Following a split decision on a very narrow issue to reaffirm the state's DOMA, the high court there practically begged the legislature to step up and do something to resolve homosexual union issues. From this coast, it looked pretty stagnant, even hopeless, in light of the 30 years it took to pass a gay-rights bill, and that this year by a single vote.
Governor Christine Gregoire has been a strong voice for gay rights. On the other hand, she is tepid on same-sex marriage, seeming to favor civil unions.
I can barely keep a finger on Boston politics, much less grok the gestalt of Olympia. Yet, Wednesday's curious comments from the governor there dovetail into the Seattle Post-Intelligencer editorial on the next steps for the legislature.
As background, be aware that the state's Supreme Court judges really seemed atavistic on this, particularly Jim Johnson. Ignoring the legal basis for marriage in the state, five of them muddled religious ritual and civil marriage.
Unfortunately, even the governor doesn't get this. Her entire statement, as published in commentary from The Stranger, shows her confusion:
As Governor, I do not believe the state should discriminate against any citizen. I also believe that personal religious beliefs are protected by our Constitution.Of course, the state did marry Christine and Mike. That she chooses to believe that her R.C. ceremony was the totality speaks to her upbringing, not the law.
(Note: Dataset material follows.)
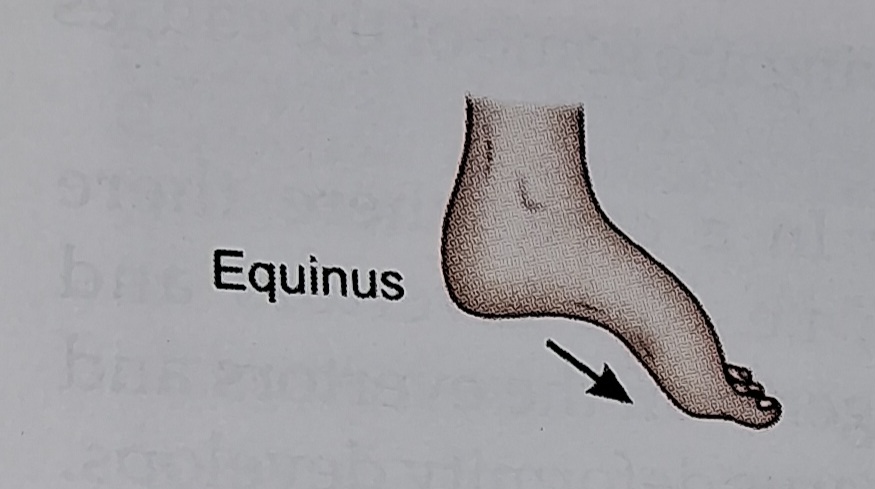 Equinus foot deformity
The legal fact is that they are married under civil law only because the state issued the license and accepted the priest's signature as one authorized solemnizer of the civil contract.
On the issue of gay marriage, Washington is a very diverse state and there are many strongly held opinions and personal feelings on this issue. I ask all Washingtonians to respect their fellow citizens. The Supreme Court has ruled and we must accept their decision whether we agree with it or not.
As to my personal beliefs, Mike and I received the sacrament of marriage in the Catholic faith. State government provided us with certain rights and responsibilities, but the state did not marry us.
I believe the state should provide these same rights and responsibilities to all citizens. I also believe the sacrament of marriage is between two people and their faith; it is not the business of the state.
Whether she had an overlay of Catholic ceremony on her state-authorized marriage really has nothing to do with anything. That is, except that the majority of the justices seem similarly confused.
While one would hope that the majority of legislators know the law better than the governor, none of us can be sure of that yet. People who don't get the separation of church and state tend to be the same ones who can't understand how civil contracts are the basis for marriage authority both there and here.
Thus, the PI editorial suggests that the time is already ripe for civil unions in Washington, on the way to full marriage equality...eventually.
Calling the gay-rights law evidence of "a sea change," the editorial says that civil unions could happen in a few months. It states, "But there is no reason to wait on political change. Before the court decision, state Rep. Ed Murray promised to introduce a marriage bill if necessary. We hope he does so, and that he sees value in accepting a civil union law as a compromise while looking ahead toward a gender-neutral approach to civil marriage licenses."
Readers here know that we don't favor such stepping-stone approaches. Too often the travelers find themselves stuck in the river with no next stone to help them continue.
Yet, it should be a hot time in Olympia this fall and next spring. The political races -- including three Supreme Court justice ones -- have newly clarified issues. Then on January 8th, 2007 (Elvis' birthday), all eyes and ears will follow the legislature...and expect some resolution.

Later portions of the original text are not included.